Task to complete:
Up to and including the line with "5 nhóm thực phẩm kìm hãm tóc đen chuyển bạc", output the records exactly as they appear.

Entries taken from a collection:
"""
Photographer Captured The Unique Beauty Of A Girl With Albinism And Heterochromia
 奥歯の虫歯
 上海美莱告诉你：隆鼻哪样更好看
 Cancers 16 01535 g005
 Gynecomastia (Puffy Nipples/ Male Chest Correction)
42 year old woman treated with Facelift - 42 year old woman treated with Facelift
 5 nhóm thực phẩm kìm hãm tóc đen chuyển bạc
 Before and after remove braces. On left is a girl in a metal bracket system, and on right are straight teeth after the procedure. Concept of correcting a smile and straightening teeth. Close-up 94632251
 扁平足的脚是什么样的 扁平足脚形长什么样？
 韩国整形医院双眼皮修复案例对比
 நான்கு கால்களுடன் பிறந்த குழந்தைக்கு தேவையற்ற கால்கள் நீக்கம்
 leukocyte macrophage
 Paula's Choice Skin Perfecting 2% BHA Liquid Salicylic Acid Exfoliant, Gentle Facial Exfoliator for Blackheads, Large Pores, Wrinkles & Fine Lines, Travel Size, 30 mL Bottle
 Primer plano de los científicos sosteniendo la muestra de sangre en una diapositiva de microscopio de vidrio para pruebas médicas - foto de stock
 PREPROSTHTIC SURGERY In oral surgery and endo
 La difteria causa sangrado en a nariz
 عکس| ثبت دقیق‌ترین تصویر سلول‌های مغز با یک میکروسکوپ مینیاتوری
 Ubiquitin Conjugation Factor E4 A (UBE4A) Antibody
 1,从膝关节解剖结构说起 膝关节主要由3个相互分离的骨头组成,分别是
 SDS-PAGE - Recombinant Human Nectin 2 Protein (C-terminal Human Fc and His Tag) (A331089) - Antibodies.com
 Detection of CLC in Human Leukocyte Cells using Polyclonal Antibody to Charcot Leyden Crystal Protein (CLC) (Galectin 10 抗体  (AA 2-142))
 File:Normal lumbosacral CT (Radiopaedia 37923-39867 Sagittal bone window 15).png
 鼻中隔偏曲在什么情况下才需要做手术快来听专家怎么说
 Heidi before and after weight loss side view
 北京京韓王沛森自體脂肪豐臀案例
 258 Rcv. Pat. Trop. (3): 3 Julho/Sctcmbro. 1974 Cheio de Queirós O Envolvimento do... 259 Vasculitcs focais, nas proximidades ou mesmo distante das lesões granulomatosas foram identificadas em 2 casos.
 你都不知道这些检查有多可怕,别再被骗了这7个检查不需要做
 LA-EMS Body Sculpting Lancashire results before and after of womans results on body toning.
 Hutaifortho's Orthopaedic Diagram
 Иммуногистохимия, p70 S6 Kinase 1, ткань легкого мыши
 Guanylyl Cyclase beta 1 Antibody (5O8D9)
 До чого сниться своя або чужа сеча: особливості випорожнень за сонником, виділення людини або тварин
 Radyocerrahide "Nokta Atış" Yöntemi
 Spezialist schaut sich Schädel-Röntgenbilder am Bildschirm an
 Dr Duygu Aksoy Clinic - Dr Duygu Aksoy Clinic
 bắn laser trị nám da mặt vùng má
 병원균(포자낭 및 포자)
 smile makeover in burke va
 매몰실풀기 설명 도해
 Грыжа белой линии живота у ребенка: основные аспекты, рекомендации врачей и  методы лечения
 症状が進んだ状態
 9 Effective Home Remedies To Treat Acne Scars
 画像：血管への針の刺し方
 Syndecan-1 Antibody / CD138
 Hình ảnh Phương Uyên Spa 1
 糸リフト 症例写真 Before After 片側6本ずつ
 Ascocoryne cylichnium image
"""
Solution below:
Photographer Captured The Unique Beauty Of A Girl With Albinism And Heterochromia
 奥歯の虫歯
 上海美莱告诉你：隆鼻哪样更好看
 Cancers 16 01535 g005
 Gynecomastia (Puffy Nipples/ Male Chest Correction)
42 year old woman treated with Facelift - 42 year old woman treated with Facelift
 5 nhóm thực phẩm kìm hãm tóc đen chuyển bạc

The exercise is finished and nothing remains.